Lessons in Recursion concerns place, time, and how introducing a recursive image of a scene may alter our perception of ordinary landscape. One could say I’m interested in sanctifying the commonplace; and I admit to taking considerable delight in inserting a kind of visual marvel into places where people don’t expect them. The recursive sequences I create at various sites intensify the visual dimension of time and become, in most cases, small installations available to passersby. 

The series involves, though not in all instances, photographing blank wooden signs discovered by chance along roadsides and then repeatedly re-photographing their images to create recursive progressions. The interior images of the repeated sign offer the viewer glimpses of past time and the transformation of place. At the core of many of the recursive images, a now-invisible distillate of information remains and constitutes the starting point. 

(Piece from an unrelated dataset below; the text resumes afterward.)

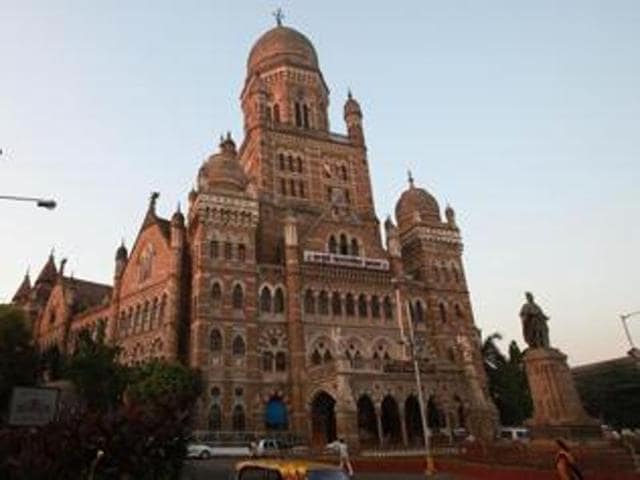 The Brihanmumbai Municipal Corporation wrote to the state government’s urban development department last week asking it to approve the parking policy pending with it for nearly two years The Brihanmumbai Municipal Corporation wrote to the state government’s urban development department last week asking it to approve the parking policy pending with it for nearly two years
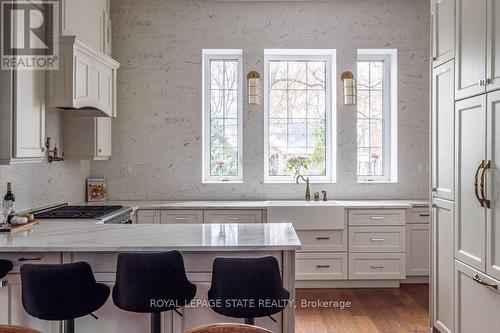 347 Queen Street S, Hamilton, ON - Indoor Photo Showing Kitchen With Upgraded Kitchen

Pictures in the series from the “New Holland & Franklin” site differ from those made at other sites because I appropriated an empty metal frame that presumably once contained a sign. Here I tie into the frame a glossy photograph of the prior iteration of the frame and surrounding scene. Once the inserted image is in place and the camera positioned on the tripod, I often let whatever activity occurring on the street or in the background enter the new exposures. As at other sites, successive visits yield subsequent iterations. 

 

The series’ exhibition prints, which are archival pigment prints, are generated from scanned color positives (6X7cm transparencies) that are then digitally processed. Like earlier series of pictures in black and white, Lessons in Recursion reflects an abiding interest in the subject of ordinary landscape, temporal change, and the potential complexity of photographic representation.

 

Pictures from the series have been included in juried or invitational exhibitions at venues such as: The Demuth Museum, Lancaster, PA; Perkins Center for the Arts, Moorestown, NJ; Griffin Museum of Photography, Winchester, MA; the Darkroom Gallery, Essex, VT; The University of the Arts, Gallery 1401, Philadelphia, PA; Maryland Federation of the Arts, Annapolis, MD; Photography Center Northwest (PCNW), Seattle, WA; PhotoPlace, Middlebury, VT; New York Center for Photographic Art (NYC4PA), New York, NY. Work has received awards at several of these venues, including “First Place, Photography, Art of the State 2017, The State Museum of Pennsylvania, Harrisburg, PA.

 

Eight pictures from the series were published in Pinyon Review, No. 18 (October 2020), 40-48.

Selected pictures from the series were included in the solo exhibition Layered Time: Photographs at Lancaster Galleries in Lancaster, PA (August 11-September 3, 2022).